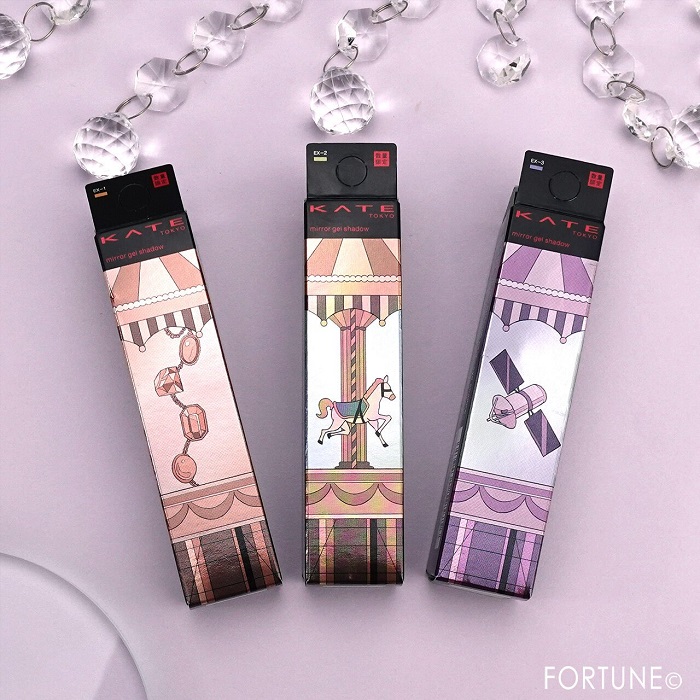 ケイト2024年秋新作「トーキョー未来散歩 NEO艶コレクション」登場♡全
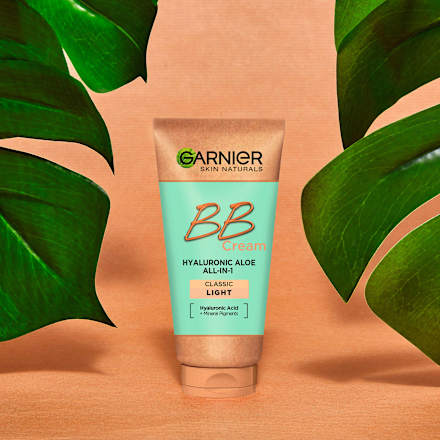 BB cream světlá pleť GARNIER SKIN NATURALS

--

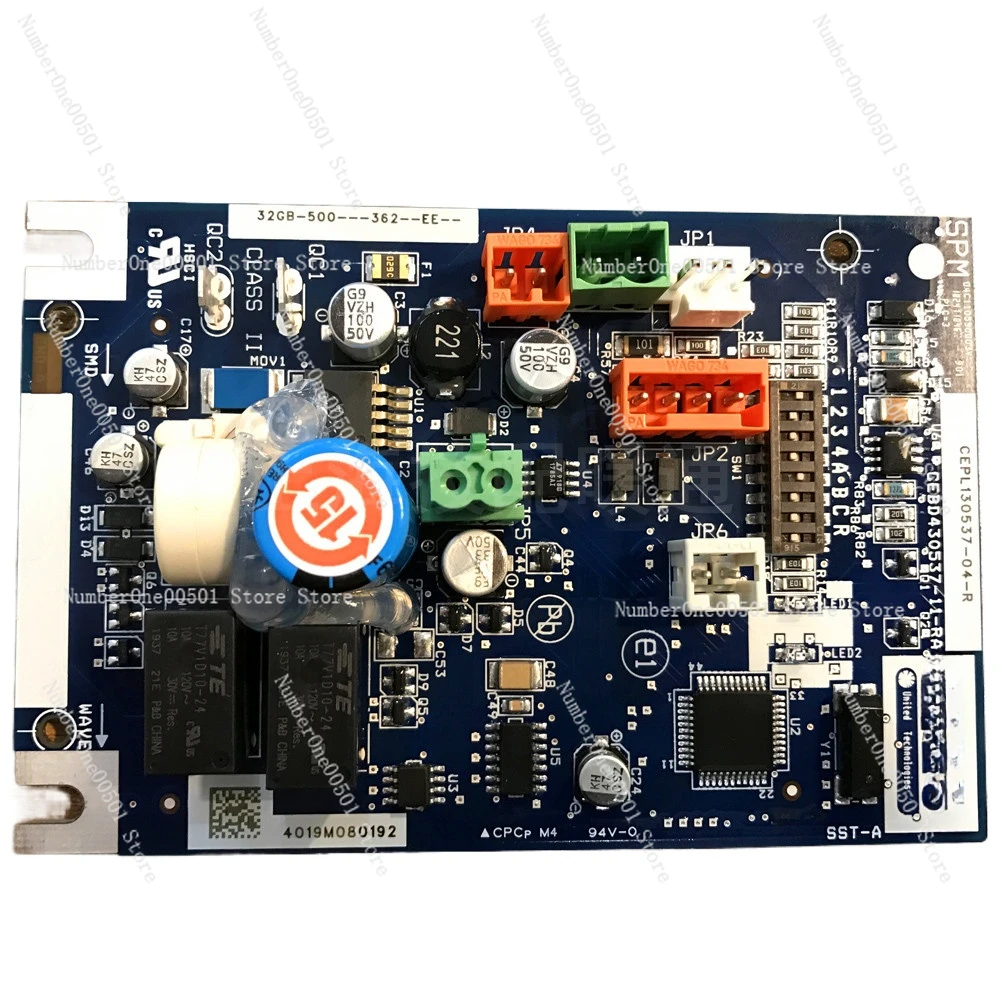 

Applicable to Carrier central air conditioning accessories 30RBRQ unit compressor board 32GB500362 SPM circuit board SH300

● **EXERCISE DIRECTIONS**
Nothing but the lines from the one containing "ケイト2024年秋新作「トーキョー未来散歩 NEO艶コレクション」登場♡全" through the one containing "BB cream světlá pleť GARNIER SKIN NATURALS" should appear, copied exactly from the material above and without pictures.

● **YOUR RESPONSE**
 ケイト2024年秋新作「トーキョー未来散歩 NEO艶コレクション」登場♡全
 BB cream světlá pleť GARNIER SKIN NATURALS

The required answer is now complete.